Bytes Technology Group is a reseller of computer software in Leatherhead, Surrey, England. It is listed on the London Stock Exchange and is a constituent of the FTSE 250 Index.

==History==
The business was established in a shop in Epsom in 1982. It was acquired by Allied Electronics Corporation (Altron), a company led by the entrepreneur, Bill Venter, in 1998.

In 2011, Bytes acquired Security Partnerships, a Reading-based cybersecurity specialist. The acquisition expanded the group's capabilities in information security, managed services and risk management.

In 2014, Bytes sold its document solutions subsidiary, Bytes Document Solutions, as part of a strategy to focus on software licensing, cloud computing, cybersecurity and IT services.

In 2017, Bytes acquired Blenheim Group, the parent company of Phoenix Software, a software licensing and IT services provider with a significant public-sector customer base. The acquisition expanded Bytes' presence in the public sector and strengthened its geographic coverage across the United Kingdom.

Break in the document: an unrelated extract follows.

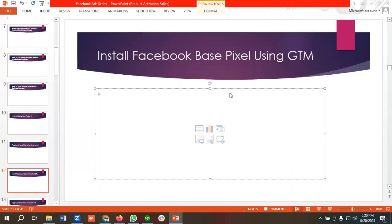Hello everyone, welcome to our new video. Our Facebook ad series is going on — if you want to watch the whole series, you can come to our channel and watch those videos. In today's lecture, we'll show you how to install Facebook Base Pixel using Google Tag Manager. Without further ado, let's get started.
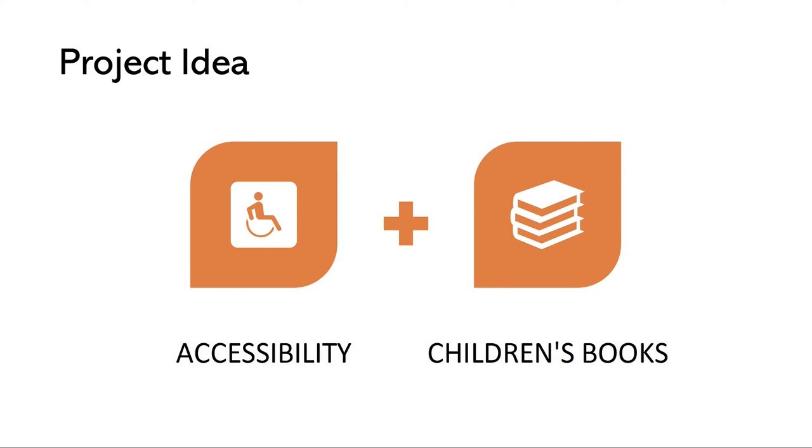What I do want to add is that this is not a book for people with disabilities. This is a book for everyone and it's meant to be inclusive.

In December 2020, the company was demerged from Altron as part of an oversubscribed initial public offering on the London Stock Exchange; it also obtained a secondary inward listing on the Johannesburg Stock Exchange. The flotation valued the company at approximately £646.6 million and raised gross proceeds of approximately £352.4 million.

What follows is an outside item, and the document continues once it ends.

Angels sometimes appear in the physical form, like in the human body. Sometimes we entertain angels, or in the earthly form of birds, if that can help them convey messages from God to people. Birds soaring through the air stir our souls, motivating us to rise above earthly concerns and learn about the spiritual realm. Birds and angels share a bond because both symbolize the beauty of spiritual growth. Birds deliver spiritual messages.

In February 2024, the CEO, Neil Murphy, resigned abruptly after the board became aware of some previously undisclosed trades in the company's shares.

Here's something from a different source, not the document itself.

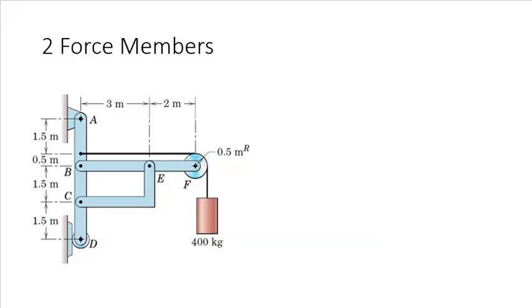How about member B, E, F? Well, it also has three forces applied on it, so this cannot be a two force member.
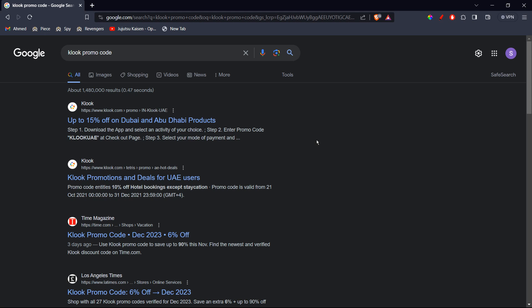In this tutorial, I'll be guiding you guys on how to get Klook promo codes. So let's get started. First of all, you're going to go ahead and search for Klook promo code.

In September 2026, Gavin Rochussen was appointed as chair in succession to Patrick De Smedt.

==Operations==
Bytes Technology Group is a value-added reseller and information technology services provider operating in the United Kingdom and Ireland. The company provides software licensing, cloud computing, cybersecurity and artificial intelligence solutions, alongside consulting, implementation and managed services.

The group operates through two principal businesses: Bytes Software Services and Phoenix Software. Phoenix Software has historically maintained a strong focus on public-sector organisations including government, healthcare, education and charitable bodies, while Bytes Software Services serves commercial and enterprise customers.

The company has historically been closely associated with Microsoft technologies and was reported to be the largest reseller of Microsoft Azure cloud services in the United Kingdom during the year ended 30 June 2019.

In 2026, Bytes Technology Group adopted a more distinct operating structure, with Bytes Software Services focusing on private-sector customers and Phoenix Software focusing exclusively on public-sector organisations.